Urbanistica

Aree tutelate, dal 29 aprile le nuove regole sulla demolizione e ricostruzione

La misura inserita nel Dl Bollette è ancora insufficiente a favorire il ricambio del patrimonio edilizio

di Matteo Peverati (*) e Eleonora Lavelli (*)

Lo scorso 29 aprile è entrata in vigore la legge 27 aprile 2022, n. 34, rubricata "Conversione in legge, con modificazioni, del decreto-legge 1° marzo 2022, n. 17, recante misure urgenti per il contenimento dei costi dell'energia elettrica e del gas naturale, per lo sviluppo delle energie rinnovabili e per il rilancio delle politiche industriali". In sede di conversione in legge, per quanto qui interessa, all'articolo 28 del d.l. n. 17/2022 è stato inserito il comma 5-bis, il quale introduce due specifiche modifiche al decreto Presidente della Repubblica 6 giugno 2001, n. 380 (all'articolo 3.1.d, sesto periodo, e all'articolo 10.1.c) in tema di interventi di ristrutturazione su immobili vincolati sotto il profilo paesaggistico e dei titoli abilitativi edilizi necessari per realizzarli.
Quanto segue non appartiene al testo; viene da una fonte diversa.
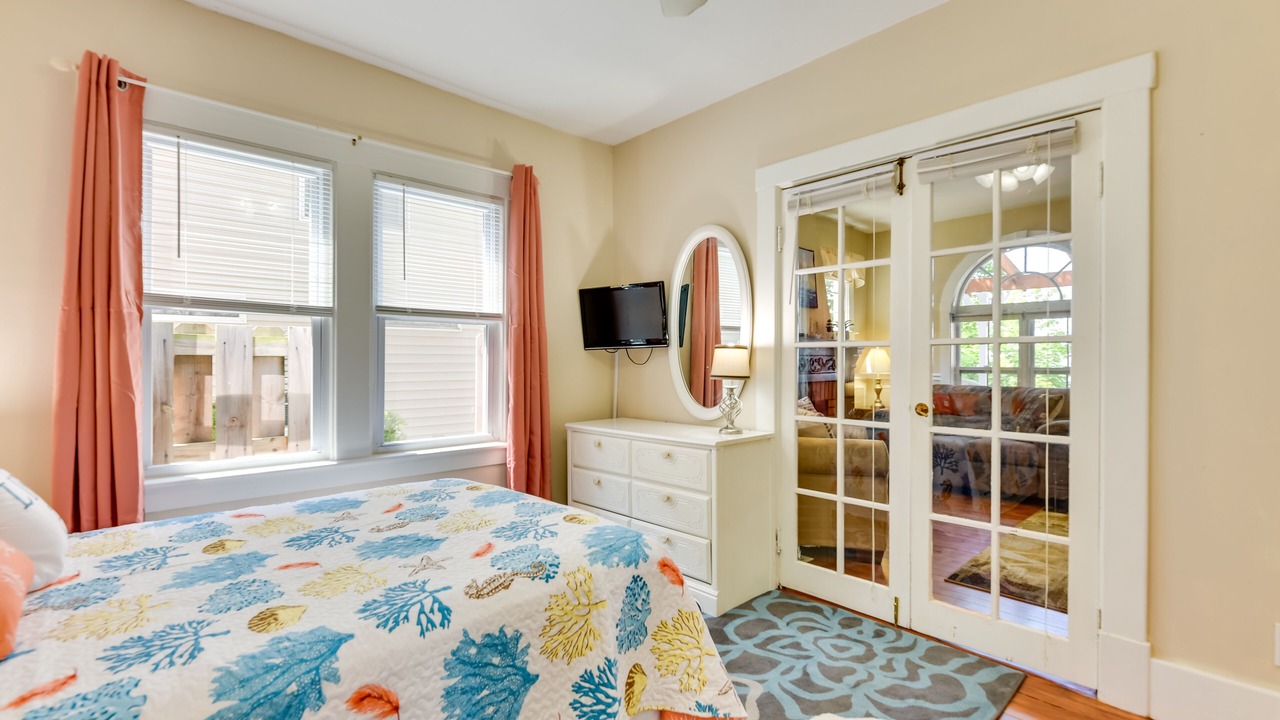 Photo of Bedroom in Lake View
Più in particolare, gli interventi di demolizione e ricostruzione di «edifici situati in aree tutelate ai sensi dell'articolo 142» del decreto legislativo 22 gennaio 2004, n. 42 (ossia quelle tutelate ex lege), che comportino modifiche a sagoma, prospetti, sedime e caratteristiche planivolumetriche e tipologiche e prevedano incrementi di volumetria:
- possono essere classificati come ristrutturazione edilizia (e non come nuova costruzione);
- sono subordinati a permesso di costruire (o a s.c.i.a. a quest'ultimo alternativa).

Nello specifico, gli immobili di interesse paesaggistico ai sensi dell'articolo 142 del d.lgs. 42/2004 includono, tra l'altro, gli edifici situati:
- entro 300 metri dalla costa del mare;
- entro 300 metri dalla sponda dei laghi;
- entro 150 metri dalla sponda di fiumi, torrenti e corsi d'acqua;
- sopra i 1.600 metri sul livello del mare per la catena alpina e i 1.200 metri sul livello del mare per la catena appenninica e per le isole;
- nei parchi e nelle riserve nazionali o regionali e nelle zone umide;
- nelle zone gravate da usi civici e nelle zone di interesse archeologico.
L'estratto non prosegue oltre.